_Your assignment_
Starting at the line below that contains "乌龟四肢冻僵，主人架锅炖汤时突然苏醒图片" and ending at the line that contains "Gymnocalycium monvillei var.", retype each line exactly as it stands, but omit the pictures.

_Supplied material_

= = =

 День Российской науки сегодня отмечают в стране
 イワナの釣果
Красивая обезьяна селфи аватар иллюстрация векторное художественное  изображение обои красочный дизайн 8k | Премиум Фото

= = =

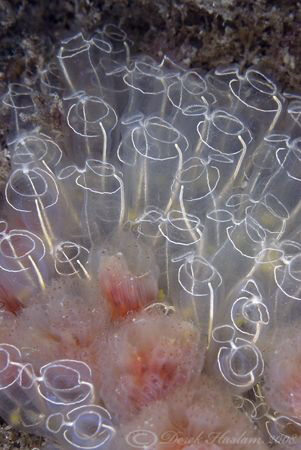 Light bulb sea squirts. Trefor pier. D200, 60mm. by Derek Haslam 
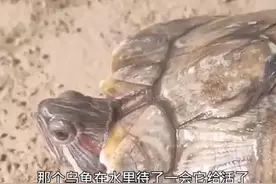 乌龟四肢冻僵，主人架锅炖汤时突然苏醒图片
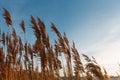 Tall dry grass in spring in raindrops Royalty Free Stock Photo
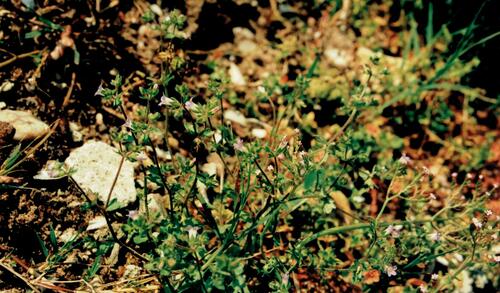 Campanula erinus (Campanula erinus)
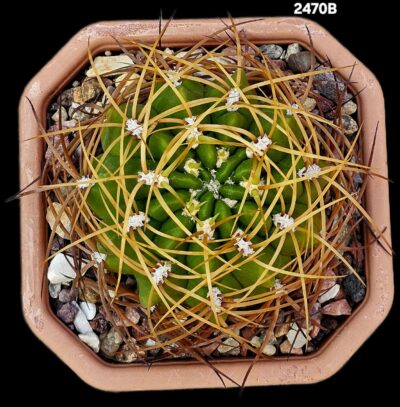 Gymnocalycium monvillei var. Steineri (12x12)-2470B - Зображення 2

= = =

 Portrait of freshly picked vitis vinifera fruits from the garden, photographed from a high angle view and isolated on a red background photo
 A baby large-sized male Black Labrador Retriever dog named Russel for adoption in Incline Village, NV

= = =

_Response to this exercise_
 乌龟四肢冻僵，主人架锅炖汤时突然苏醒图片
 Tall dry grass in spring in raindrops Royalty Free Stock Photo
 Campanula erinus (Campanula erinus)
 Gymnocalycium monvillei var. Steineri (12x12)-2470B - Зображення 2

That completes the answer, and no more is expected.